EU BUDGET 'GROANING UNDER WEIGHT'

Budget-setting in Brussels must be radically overhauled to stop "significant" cash flow problems that have led to a £1 billion payments backlog to the UK, the Treasury has been told.

Peers have warned that the method for setting the long-term spending plans is "groaning under the weight of seemingly intractable" flaws.

They found the method used to prioritise payments for certain types of EU programmes, such as youth employment schemes, is creating undue pressure further down the line.

Emergency funds, known as the contingency margin, are being used to make ends meet in the meantime, the Lords Economic and Financial Affairs EU Sub-Committee said.

It also discovered a "huge" number of outstanding payments to member states, with £18bn due in cohesion policy payments, including the £1bn for the UK.

The flawed system means the EU is having to ask for an extra £3.7bn for the 2014 budget, it added.

Last year Prime Minister David Cameron was involved in negotiations for the EU multi-year budget, which runs up to 2020, that saw its first reduction.
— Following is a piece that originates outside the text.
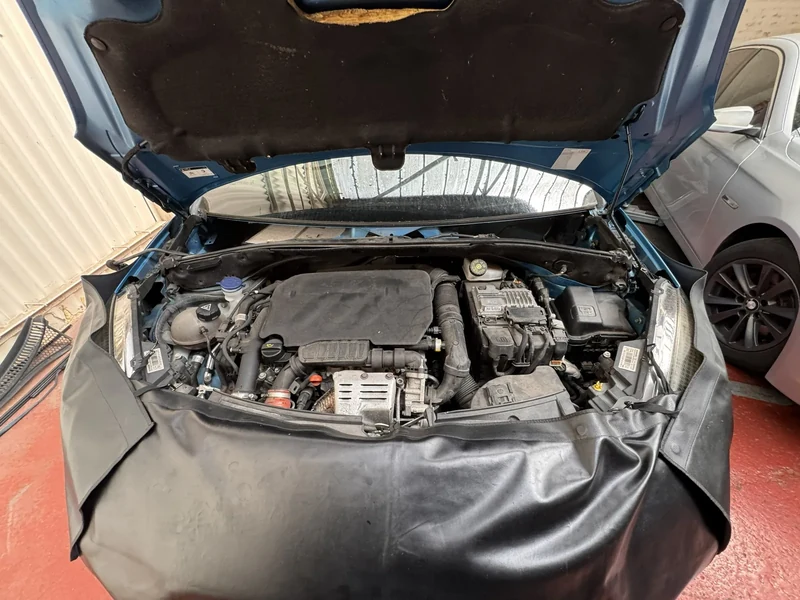 Citroen DS engine bay overview before BSI programming and front wiper repair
Committee chairman Lord Harrison said: "The EU budgetary process is groaning under the weight of seemingly intractable problems.

"In our letter to the Treasury we ask why the scale of the backlog of payments was not anticipated, and ask whether this failure is an indictment of not only the commission, but also the council and the European Parliament.

"The frontloading of programmes, while important for promoting growth and jobs, risks placing an intolerable pressure on the overall seven year budget for 2014-2020.

"Yet the council failed to foresee that the commission would need to resort to the contingency margin.

"The UK is right to press the commission on avenues for reallocation within the existing budget.

"But the Government's suggestions for where such savings can be made are woefully lacking in detail.

"Taking all these issues together we believe that the budgetary process now needs radical modernisation. We have asked the Government to write to us as a matter of urgency setting out how they believe the system can be reformed."